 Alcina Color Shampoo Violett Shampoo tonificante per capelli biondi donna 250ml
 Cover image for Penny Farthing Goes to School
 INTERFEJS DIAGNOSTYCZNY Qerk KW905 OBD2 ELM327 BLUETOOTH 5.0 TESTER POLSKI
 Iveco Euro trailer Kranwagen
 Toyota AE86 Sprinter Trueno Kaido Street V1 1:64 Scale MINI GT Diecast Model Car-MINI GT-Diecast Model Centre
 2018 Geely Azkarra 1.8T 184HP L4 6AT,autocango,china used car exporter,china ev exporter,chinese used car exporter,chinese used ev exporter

-------

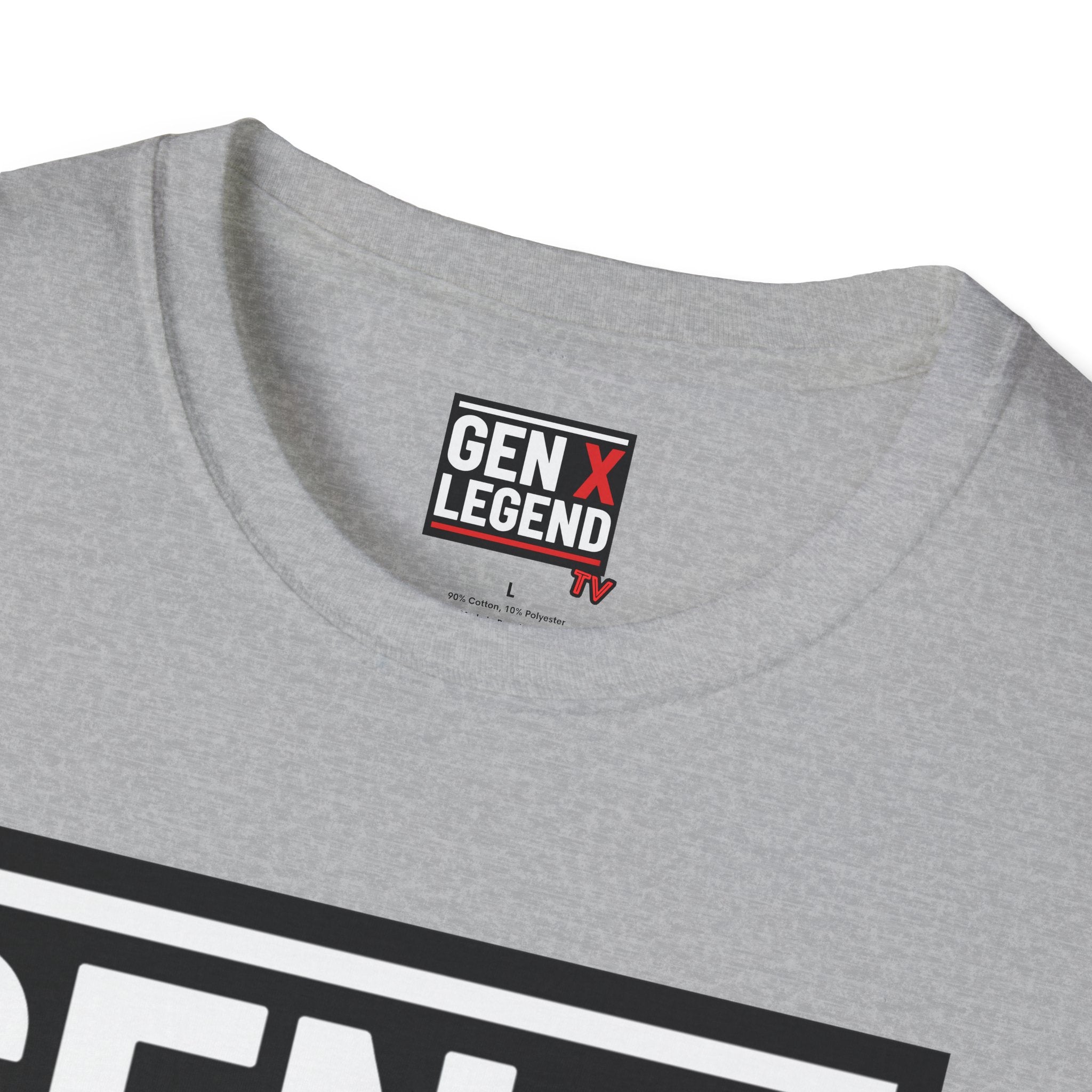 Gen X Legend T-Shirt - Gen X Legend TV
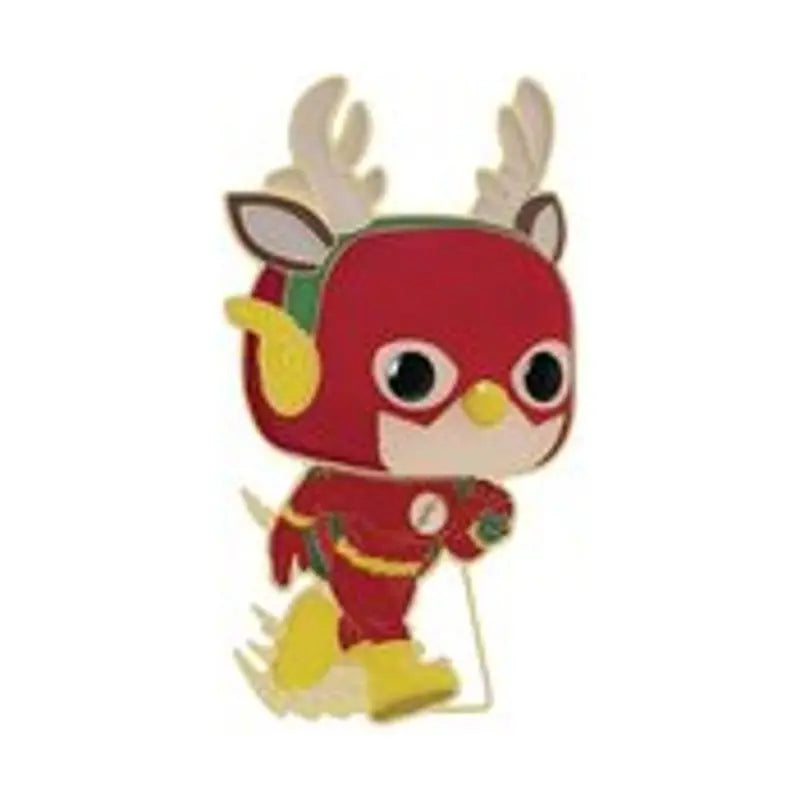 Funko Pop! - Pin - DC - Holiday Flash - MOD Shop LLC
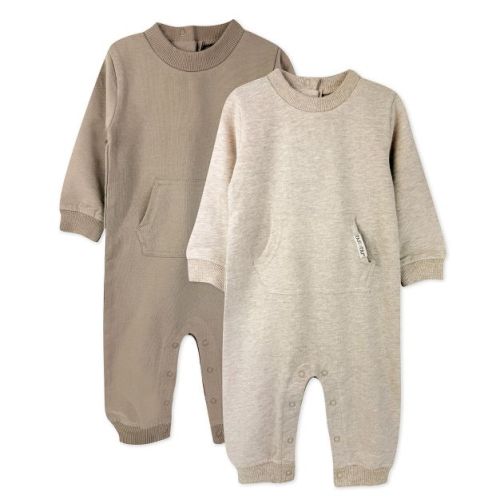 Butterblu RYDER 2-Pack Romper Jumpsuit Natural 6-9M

-------

Task directions —
Reproduce verbatim only the segment of the listing bounded by the line containing "Alcina Color Shampoo" and the line containing "2018 Geely Azkarra", with both boundary lines included.

Answer —
 Alcina Color Shampoo Violett Shampoo tonificante per capelli biondi donna 250ml
 Cover image for Penny Farthing Goes to School
 INTERFEJS DIAGNOSTYCZNY Qerk KW905 OBD2 ELM327 BLUETOOTH 5.0 TESTER POLSKI
 Iveco Euro trailer Kranwagen
 Toyota AE86 Sprinter Trueno Kaido Street V1 1:64 Scale MINI GT Diecast Model Car-MINI GT-Diecast Model Centre
 2018 Geely Azkarra 1.8T 184HP L4 6AT,autocango,china used car exporter,china ev exporter,chinese used car exporter,chinese used ev exporter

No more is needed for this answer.